Most people wouldn’t have noticed, but that was something Gray had been looking for specifically.
He kept holding his breath and slowly started walking towards the big fat worm.
His rapier shone in the faint light coming from miniature holes as he continued approaching the worm, now being only ten meters away.
Ckrr...
The worm moved slighly, and this movement caused Gray to stop completely.
The creature’s massive body contracted once, a slow ripple that moved from tail to head through the segmented plates, the grinding sound from the teeth intensifying briefly before subsiding back into its resting rhythm.
Gray waited for five full seconds.
Then he kept moving towards it.
Seven meters.
Five.
The smell at this distance was substantial.
Three meters.
He could see the weak point clearly now, the tissue there visibly softer, faintly luminous in the way that living tissue was luminous when it hadn’t been hardened by calcification yet.
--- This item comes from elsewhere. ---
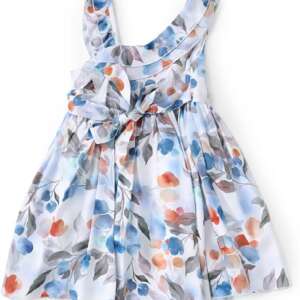 SIKA girls Sleeveless Dress Patterned Dress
The seam was approximately the width of two fingers, running in a curved line that followed the circumference of the first plate segment.
He raised the rapier.
One meter.
He placed his left hand on the plate above the seam, feeling the slow pulse of the creature’s breathing through the hide, timing it, waiting for the specific moment in the exhale when the plates separated by their maximum distance and the seam widened by the fraction that made the difference between a strike that reached the core and one that didn’t.
Ckrr...
The exhale came.
The seam widened.
Gray drove the rapier in.
Fwip!
Splat!
The blade found the core through the soft tissue with the precision of something that had been aimed at exactly this point from the moment he dropped into the hole, and he felt the resistance of it give way completely as the tip reached what it was looking for.
The worm’s body spasmed.
Once, massive and total, every plate slamming against every other plate in a single simultaneous contraction that sent Gray staggering back two steps, the rapier still in his hand, the creature’s body shuddering through its death in long, diminishing waves.
Ckrr... ck... ck...
Then... it stopped, meaning that it was dead.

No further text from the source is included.